Welcome to the kubic-project! If you are interested in contributing to the kubic container-images repo then continue reading this document as it contains information on how the kubic container images is populated and other information that is pertinent to building kubic containers.
There are two ways to do it:
The sources for our openSUSE container images used in Kubic, can be found at the [kubic container-images repo](github: https://github.com/kubic-project/container-images). If you just want to modify an already existing image, then you don't have to do anything special. As soon as your PR gets approved and merged, then the changes are committed to the OBS. This triggering happens thanks to our internal ConcourseCI pipeline. This CI system is not meant to do any testing. It just connects Github with the appropriate devel projects in build service and triggers a new build of the images into their devel projects. If the build is green then your image gets released into the openSUSE container registry.
This is the reason why sometimes in OBS you will encounter the following commit message posted by our ConcourseCI: "Containers Team (containersteam) committed 27 days ago (revision 11) - Updated from concourse CI"
NOTE: For the people who are not connected within SUSE RnD network, you cannot have access to ConcourseCI -- actually you don't have to. All you need to know is that as soon as you commit something in this repository, then OBS will be triggered.
To get a new image accepted into our openSUSE container registry, it is required that all the RPM packages related to that container image, to be present in openSUSE Factory project.
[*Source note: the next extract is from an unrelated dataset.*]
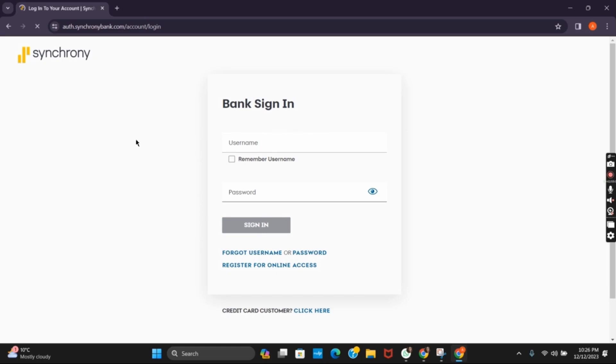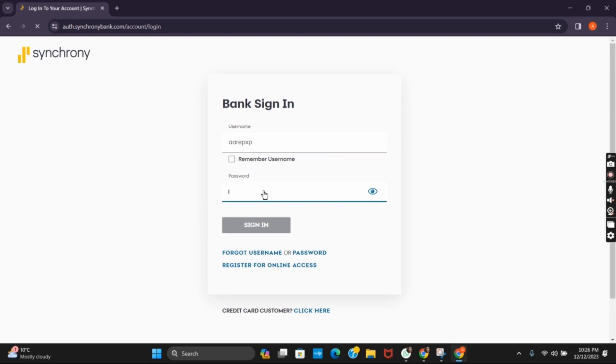Once that is done, you will see a sign-in portal where you have to provide your correct username and then the password. After that, tap on the sign-in button and you will be logged into your account.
For example, for building the kubic-dex image, first we had to build the caasp-dex RPM package that provides the binary that is used as a part of the entrypoint for this image. As soon as you modify a package that is included in the .kiwi definition of a container image, then it will automatically schedule a new build. In other words, if you ever modify the RPM pkg that is related to an image, then OBS will automatically trigger a new rebuild of your image and if it's green it will publish it to the registry.
In case you would like to build a new container image that does not exist yet in our registry, you should get it accepted and merged in [kubic container-images repo](github: https://github.com/kubic-project/container-images). Then you have to manually create a SubmitRequest to the appropriate devel project in OBS. To highlight this for the reviewer, a proposed label for this should be new_image. Finally to get any new commits for that image also committed to OBS it is needed to create a new ConcourseCI job to take care of that; please ask repository maintainers to handle that.
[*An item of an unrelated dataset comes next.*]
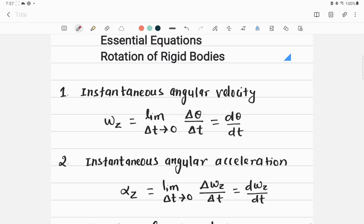In this video lecture, I am talking about some essential equations from rotation of rigid bodies. If you are preparing for an essential exam or a regular college exam, reviewing the equations required to solve physics problems is essential. I am explaining all important equations from this chapter, rotation of rigid bodies.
Nowhere in this process there is any testing automation. Hopefully, since you are building and modifying these images, you should be able to test your own changes by running some local tests. To do that, you can build your container image locally using kiwi image building system. To do that you have to perform a checkout of the image you want from OBS. Then inside that project/branch you have, you can just modify the .kiwi.ini file accordingly. Then calling ./pre_checking.sh script will regenerate the kiwi description file for kubic. Once regenerated calling a osc build container from the image folder will trigger a local build.
As soon as you have cloned/checked-out the code from OBS to your local dis, then it's time to build the container image. But before doing that it would be wise to be informed first about an existing a bug in the osc tool that does not trigger correctly the replace_using_package_version service. This is an OBS service that ensures that the image we are building has the same tag with the value of the OBS package version that provides. To understand this better, let's look for example at the kubic-caasp-dex-image.
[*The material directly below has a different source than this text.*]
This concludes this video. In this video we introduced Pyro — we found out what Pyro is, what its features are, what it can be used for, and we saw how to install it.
_service # Synchronisation between the tag of the container image with the RPG pkg version and the source in kubic-project/container-images repo
kubic-caasp-dex-image.changes # Autogenerated on ConcourseCI, do not create it manually
kubic-caasp-dex-image.kiwi # Autogenerated. Intended for OBS usage (openSUSE Kubic)
caasp-dex-image.kiwi.ini # Template file from which the above .kiwi files are generated
pre_checkin.sh # Script to generate *kiwi filesIf you are curious enough, you can read the kubic-caasp-dex-image.kiwi file. You need to pay attention to the name="kubic-caasp-dex"> -- this gets generated from the template, parsing the PRODUCT placeholder and it refers to the name of the package within OBS (as artifact of the devel project -- it should not be confused with the RPM package in any case). For those who are not familiar with kiwi image definitions, the kiwi file is similar to the spec file for RPM, or Dockerfile for docker containers. They are instructions on how to build/bake a container image through OBS. This duplication of kiwi files you see there, happens because the ConcourseCI is using copypack. Copypac is a pure plain copy from one project to another, taking all the sources (as they are) to another project. It doesn't create any link or anything like that. However, SUSE maintainers should not forget that copypac is not happening by default, but only if the image already exists in SLE (IBS). This way the automation is only responsible of tracking updates, but not creating new OBS packages, the very first copypac to SLE needs to be done manually.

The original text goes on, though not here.